ルサチマ

草叢/不倫団地 かなしいイロやねんのルサチマのレビュー・感想・評価

5.0
2回目 2020年3月26日

この狭い室内を駆使して完璧なフレーム内フレームを生み出す凄さと、中盤でようやく夫が戻ってきたとき、それまで宙吊りにあった団地の部屋が接続し始める。脚で旦那の靴下を脱がせて大事な話ははぐらかすのは、決して優しさなどではない。相手に対して謝罪をさせないいじらしさであり、言葉を抜きに再び親密さを獲得せんとする身振りとして描かれる。

言葉による音声こそが、この1時間弱の映画の中で繰り返し観客のもとへ届くのはゴミの廃品収集のアナウンスや、室内へ届く子供たちの声からも明らかだ。常に愛されざる者たちである彼らの間にはやかましく、そして時に官能的な音声が媒介とせざるを得ない。

だが、前述した靴下を足で脱がすという言葉による音声と無縁の身振りが機能して以降、廃品の音を流しても相手にされなくなる。

ここまでの記述によれば、この映画において言葉による音声を介さない身振りが互いの親密さにおいて必要であるように思われるかもしれないが、堀禎一は決してそんな単純な主題を用意はしない。

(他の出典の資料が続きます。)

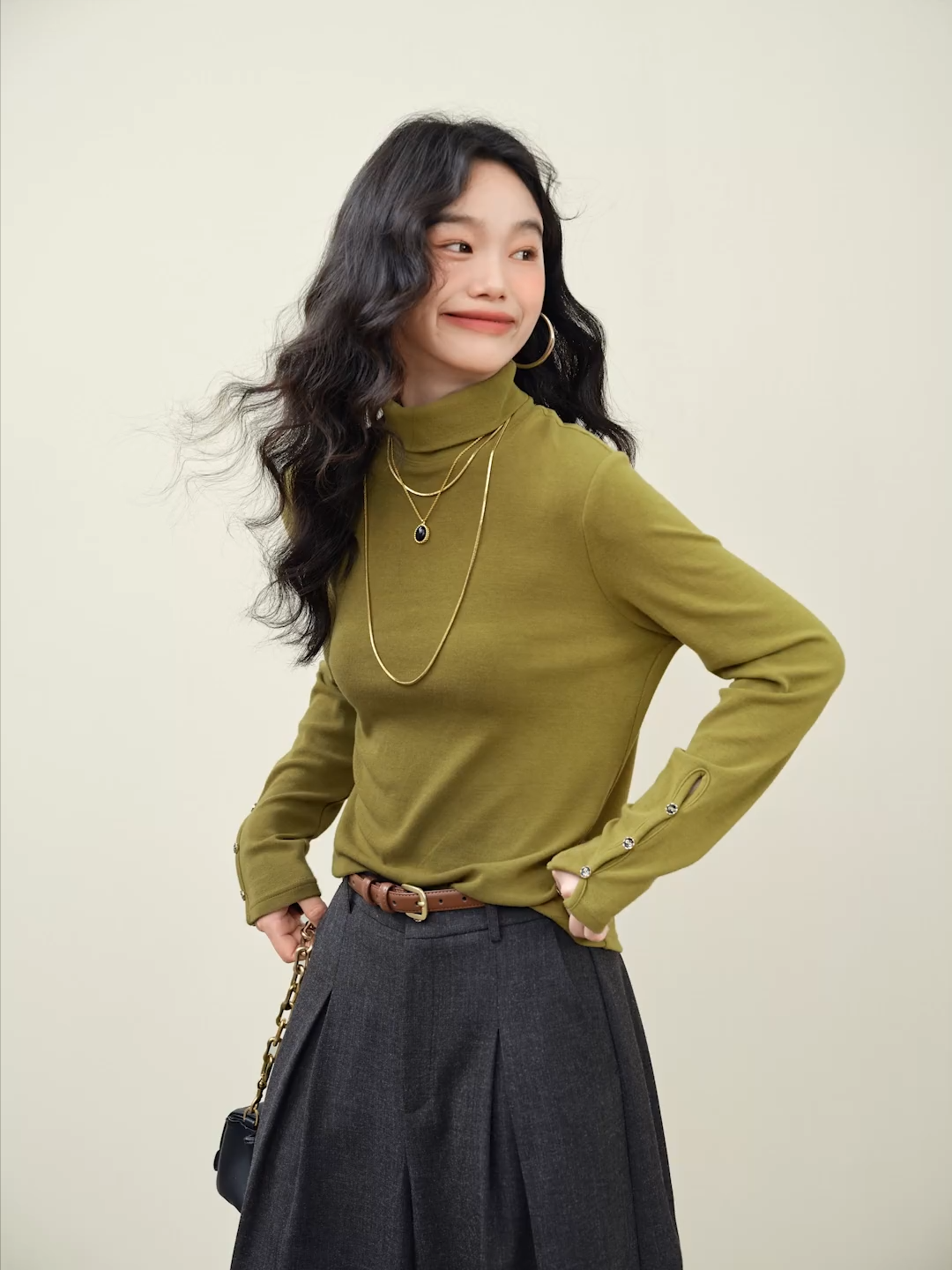 新品未使用★CLANE MALLYARN ROLL NECK KNIT TOPS bkk20140_charcoal_xl?$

速水今日子が務める工場で資本主義に対するマメ山田の拙い演説に速水今日子が右に倣えでバンザイをする。この瞬間、この世界は途端に異化される。

不倫相手が団地妻を待ち伏せをすると、最早互いの心理を思いやるような気遣いは消え失せ、言葉通りのアクションとして肉体が動き出す。階段で「私たちこれからセックスするんです」とマンションの住人に告白するのは、その文字通りの実行が観客には暴力的な音声として響いてくる。

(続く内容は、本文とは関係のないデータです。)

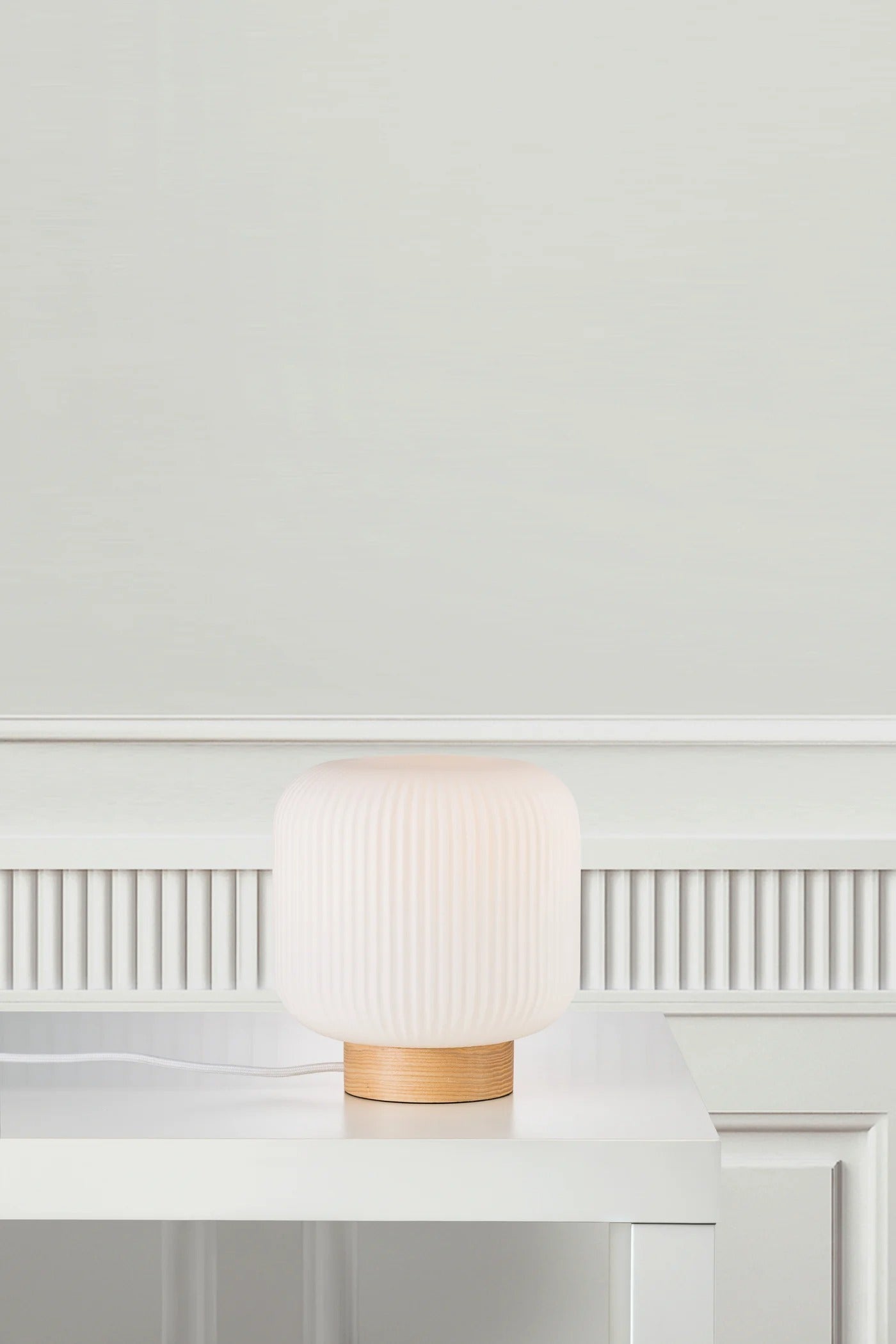 Lampe à poser MILFORD verre base bois IP20 E27 - Nordlux, Intérieur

映画前半、室内に耳障りの良い音声を媒介として、常に宙吊りの空間の中で生きてきた速水今日子は映画中盤、帰宅した夫により空間は接続され、耳障りの悪い愛人の話を聞く。
そしてそれは極めて現実的な、どこから聞こえる子供たちフィクショナルな声とはかけ離れた生々しい音。

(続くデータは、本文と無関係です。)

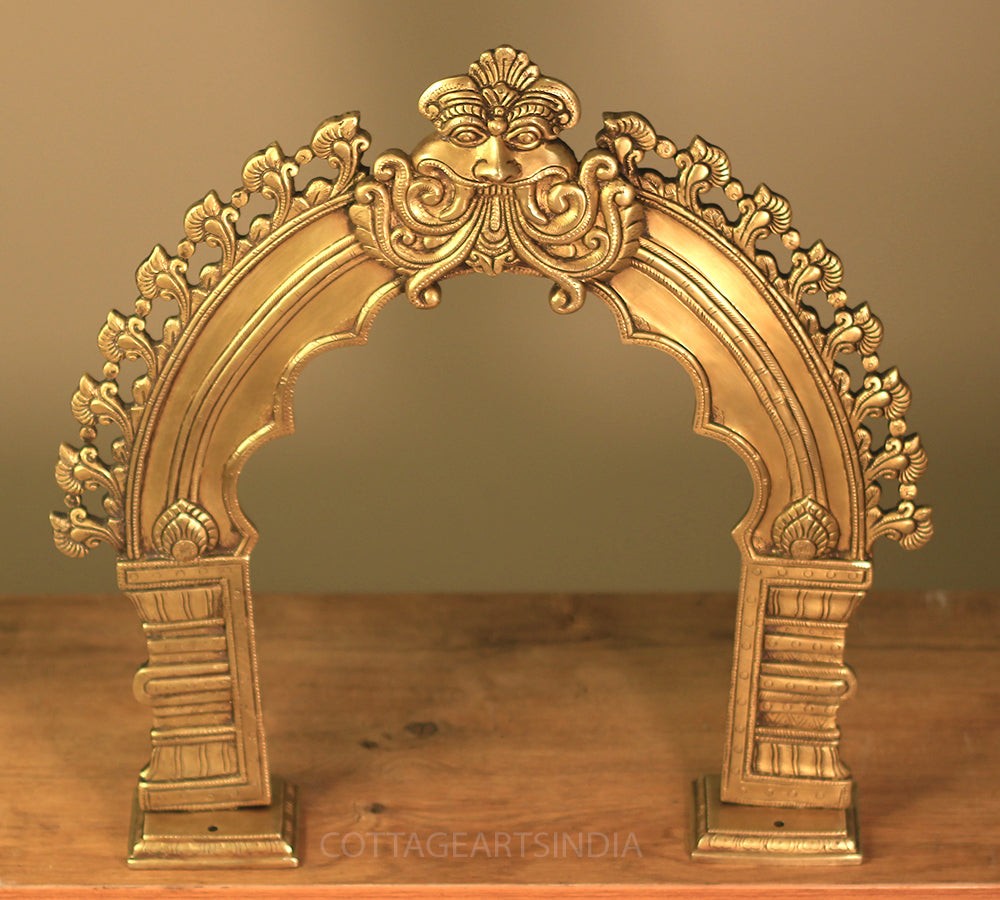 Brass Prabhawali Kirtmukha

その音声と社会の異化に対して男たちのように女を言い訳にする図々しさを持ち合わせることができない速水今日子は「嘘でええやん」と、再びあのフィクショナルな言葉を頼りすることしか出来ないのだと語る。

ラストショット。異化された音声としての仕事の留守電を無視はするが、窓を開けて引き寄せる音声は最早子供たちの声など聞こえはしない。

だが『弁当屋の人妻』での白いカーテンが外の世界へ渡るものであるように、ここでもまた白いカーテンは存在する。

この先にある社会とは一体いかなるものか。
都合の良いフィクショナルな世界でもなければ、きっと異化された資本主義社会でもないかもしれない。その白いカーテンの外に広がる世界へ出る時、映画は一応の終わりを告げてしまい、何がその先にあるのかは明かされることはない。とりあえず、あのラストショットにあった白いカーテンとそこから聞こえてきた音声に我々はじっくり鑑賞し、劇場の外へ出るしかない。


1回目 2018年9月28日 @シネマヴェーラ

基本的に濡れ場は好きじゃないのだが、堀禎一の濡れ場は惚れ惚れする瞬間がある。
バイト先で堀禎一をみていたら「職場でピンク映画見ちゃダメよー」て社員さんに怒られた。